* **WHAT YOU WILL DO**
Make an exact copy, from the records below, of the lines from the line containing "Adidas SL 72" to the line containing "Bacon Up® Roasted", both lines included, excluding pictures.

* **DATA UNDER STUDY**
---
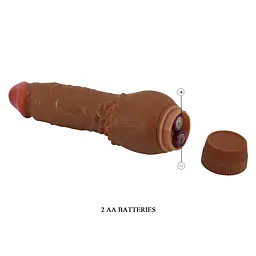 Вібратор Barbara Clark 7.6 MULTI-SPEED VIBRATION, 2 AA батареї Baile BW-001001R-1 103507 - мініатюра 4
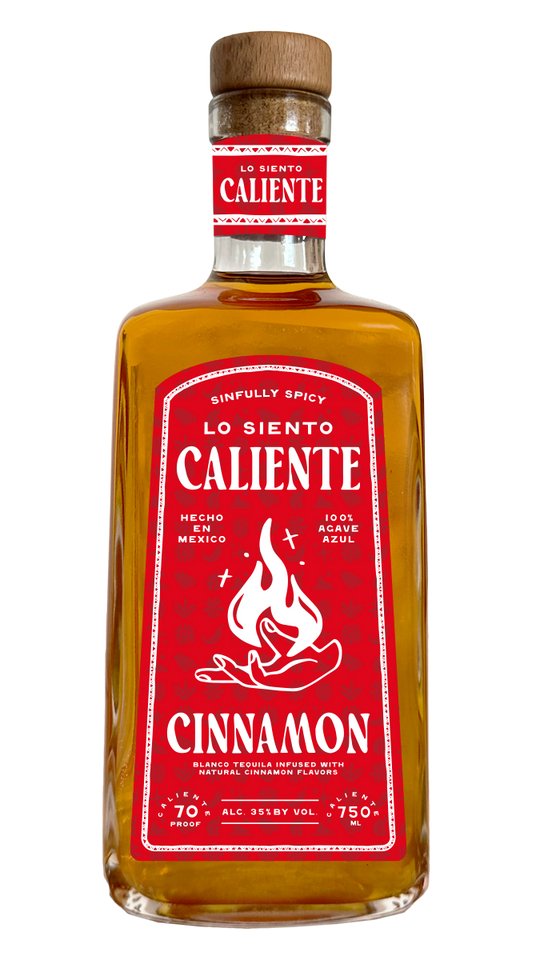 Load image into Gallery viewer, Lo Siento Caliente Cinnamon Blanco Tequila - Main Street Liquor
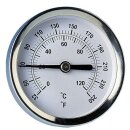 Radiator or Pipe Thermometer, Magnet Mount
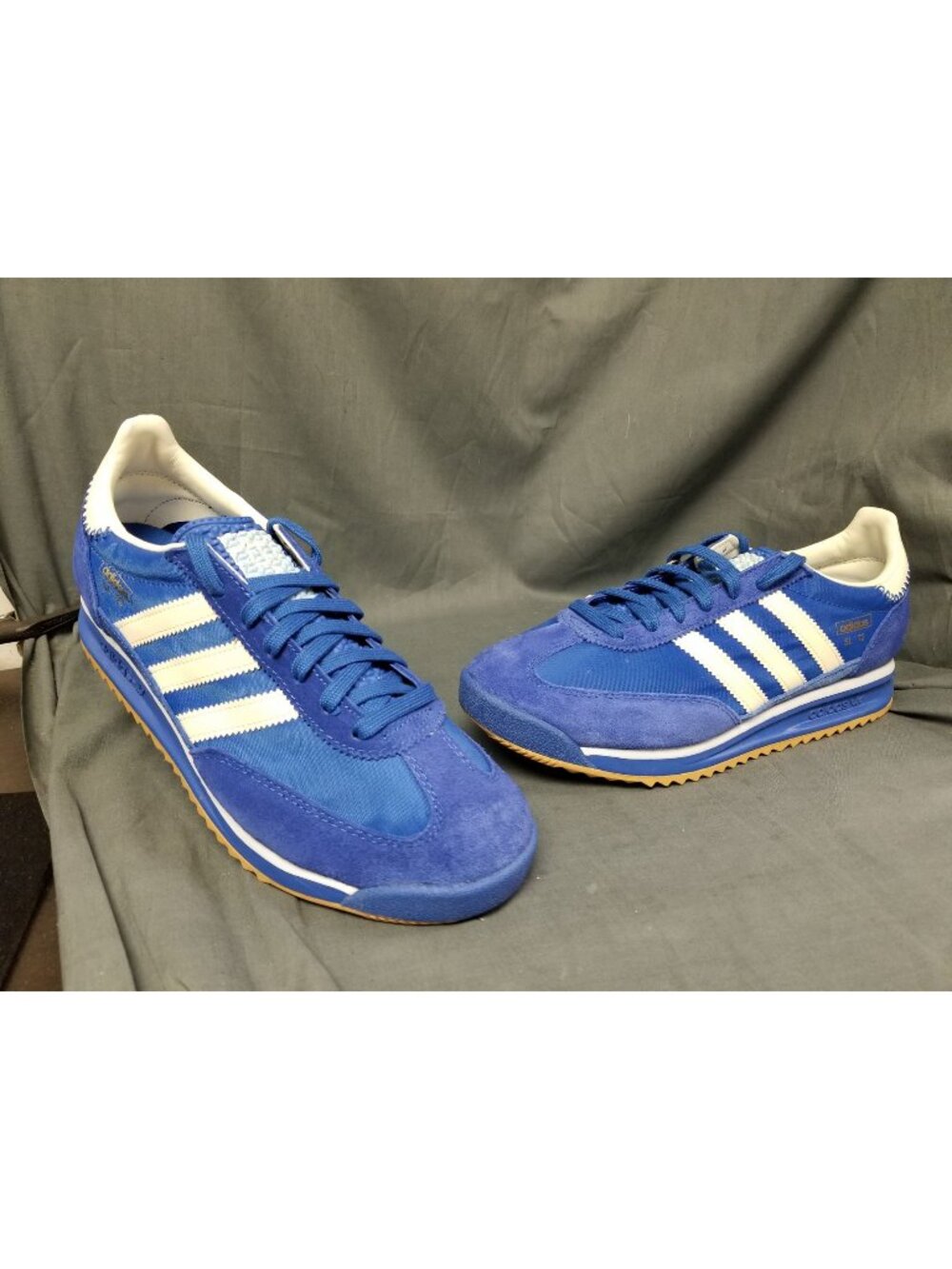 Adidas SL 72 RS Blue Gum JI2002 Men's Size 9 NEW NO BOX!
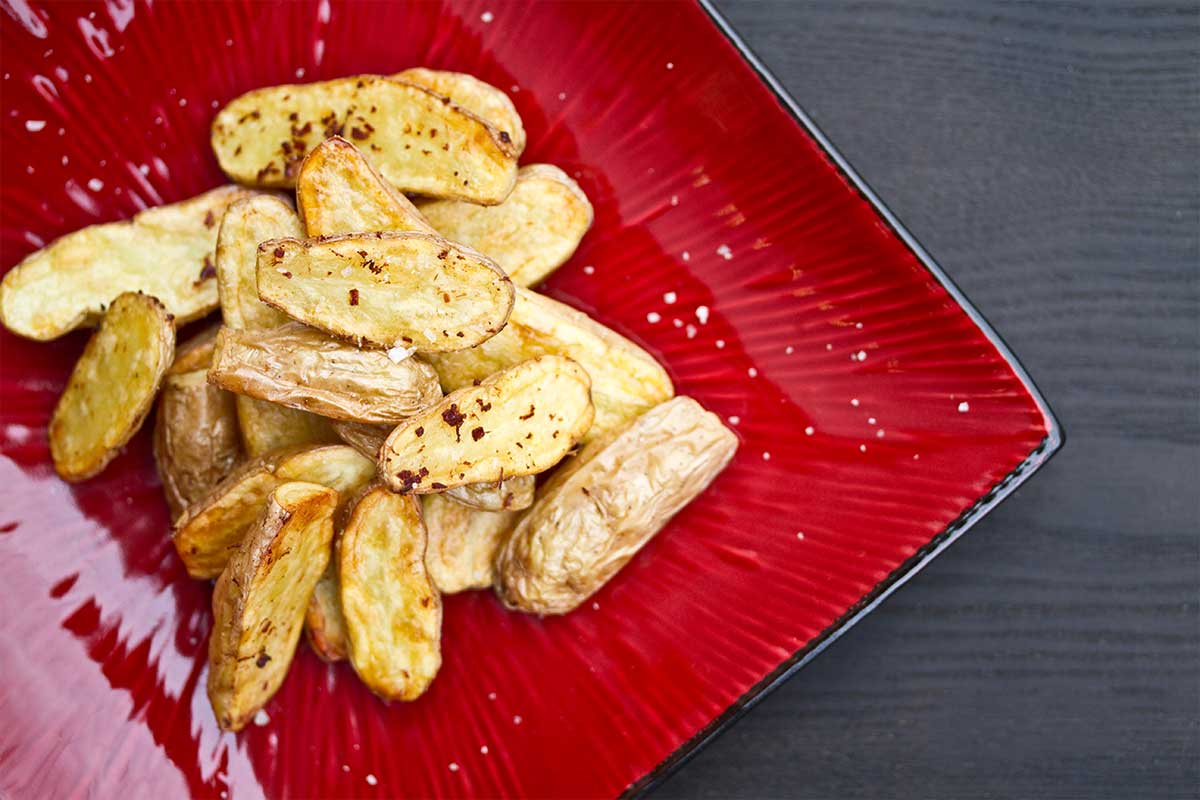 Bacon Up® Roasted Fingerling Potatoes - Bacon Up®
---
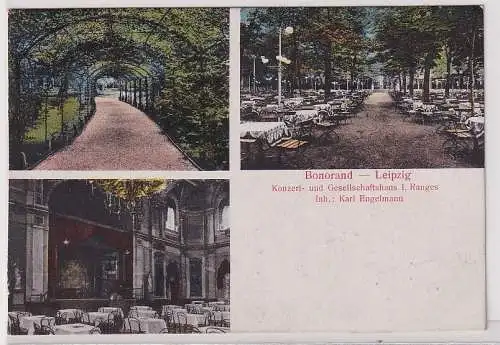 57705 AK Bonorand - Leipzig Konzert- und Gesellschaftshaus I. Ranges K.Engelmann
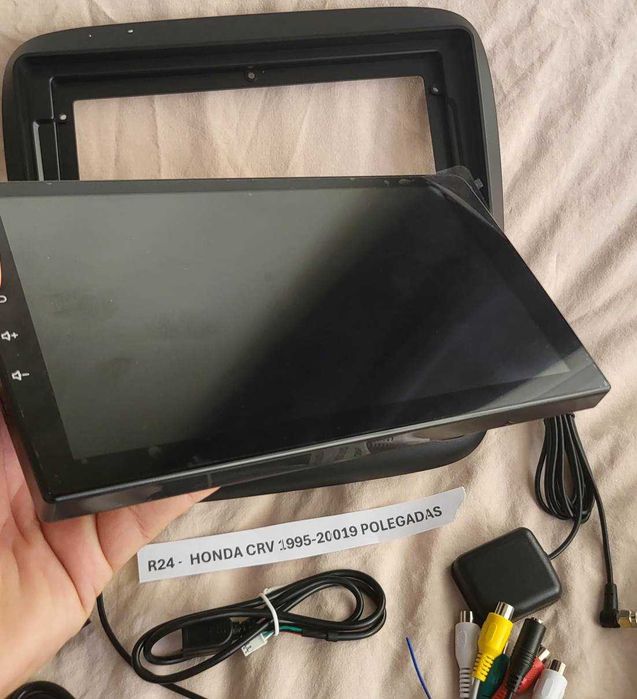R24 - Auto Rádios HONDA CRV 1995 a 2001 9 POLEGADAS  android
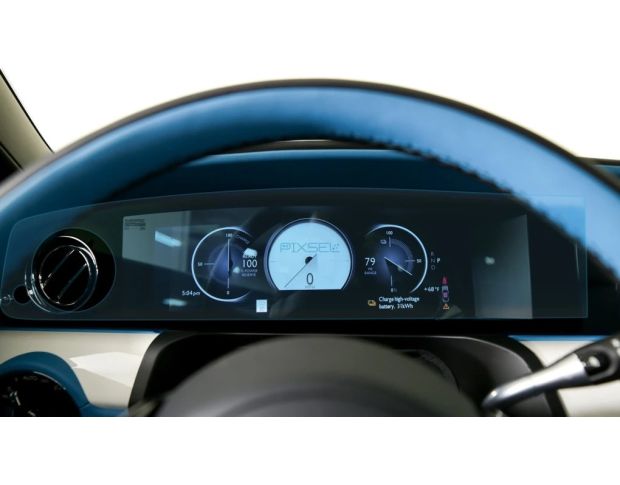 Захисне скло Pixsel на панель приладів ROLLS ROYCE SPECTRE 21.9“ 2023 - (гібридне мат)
---
* **TASK ANSWER**
 Adidas SL 72 RS Blue Gum JI2002 Men's Size 9 NEW NO BOX!
 Bacon Up® Roasted Fingerling Potatoes - Bacon Up®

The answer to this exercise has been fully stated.